Is there a difference between these two statements? one uses parenthesis, while the other doesn't.
$(\exists x\in \mathbb{R}, x>5) \Rightarrow (\forall y \in \mathbb{R}, y>-100)$
is it the same as
$\exists x\in \mathbb{R}, x>5 \Rightarrow \forall y \in \mathbb{R}, y>-100$
- Are these two equivalent?
- are both false-statements?
It is a matter of convention whether the missing parentheses in $\exists x, P \Rightarrow \forall y, Q$ should be inserted to give $(\exists x, P) \Rightarrow (\forall y, Q)$ or to give $\exists x, (P \Rightarrow (\forall y, Q))$. The former reading is most common in the mathematical logic literature, but the latter reading agrees with the usual conventions for the $\lambda$-calculus and has been adopted in many mechanized theorem-proving systems such as HOL or Coq.

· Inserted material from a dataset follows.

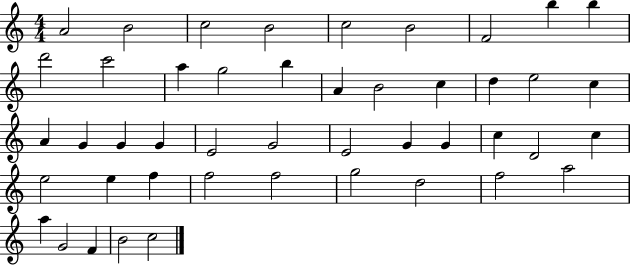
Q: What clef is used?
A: treble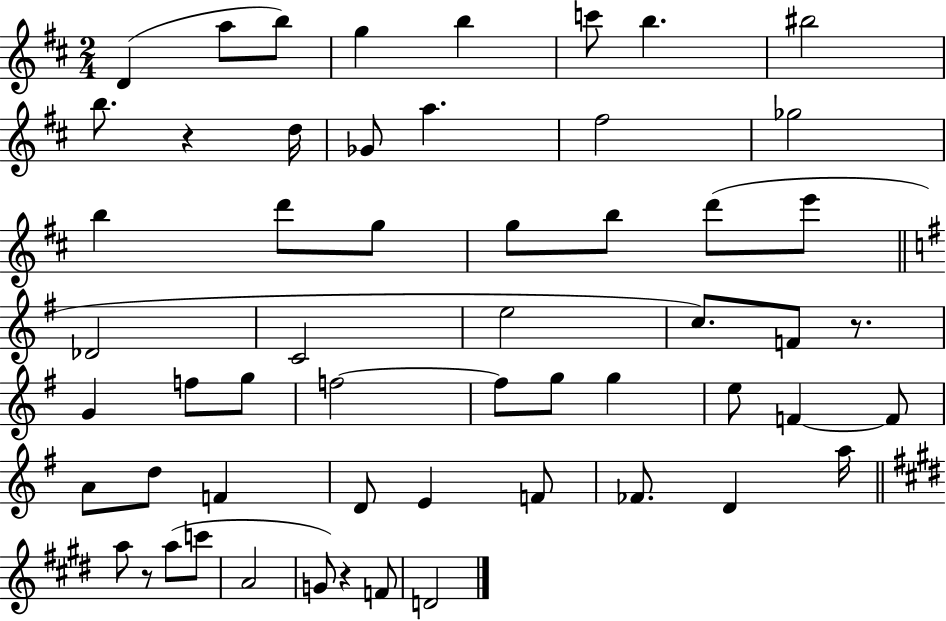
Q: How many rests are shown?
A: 4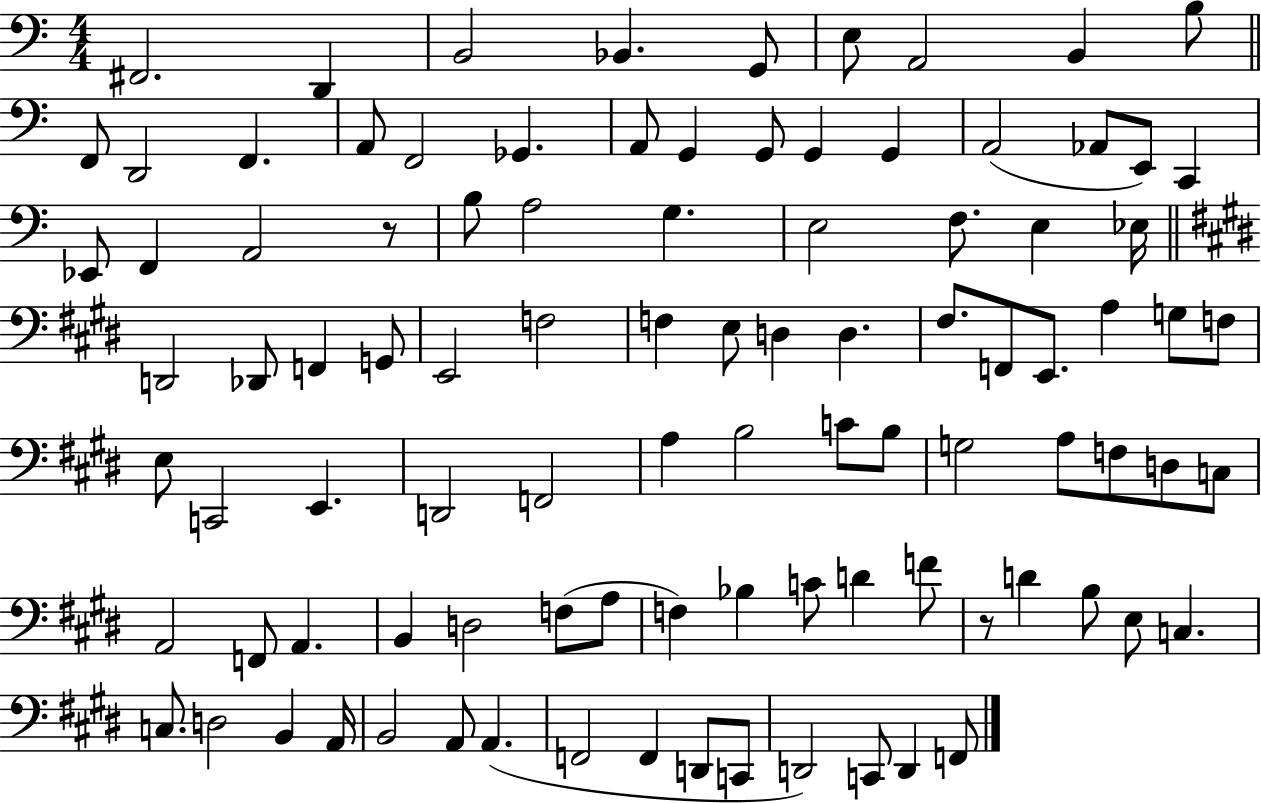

In the case in point, the two readings are not equivalent:
In $(\exists x\in \mathbb{R}, x>5) \Rightarrow (\forall y \in \mathbb{R}, y>-100)$, the left-hand side of the implication is true (e.g., take $x = 6)$ while the right-hand side is false (e.g., take $y = -100$). So the overall predicate is false.
However, in $\exists x\in \mathbb{R}, (x>5 \Rightarrow (\forall y \in \mathbb{R}, y>-100))$, we can take $x = 5$, to make $x > 5$ false and hence the overall predicate is true, since a false statement implies any other statement and we can find an $x$ that falsifies $x > 5$.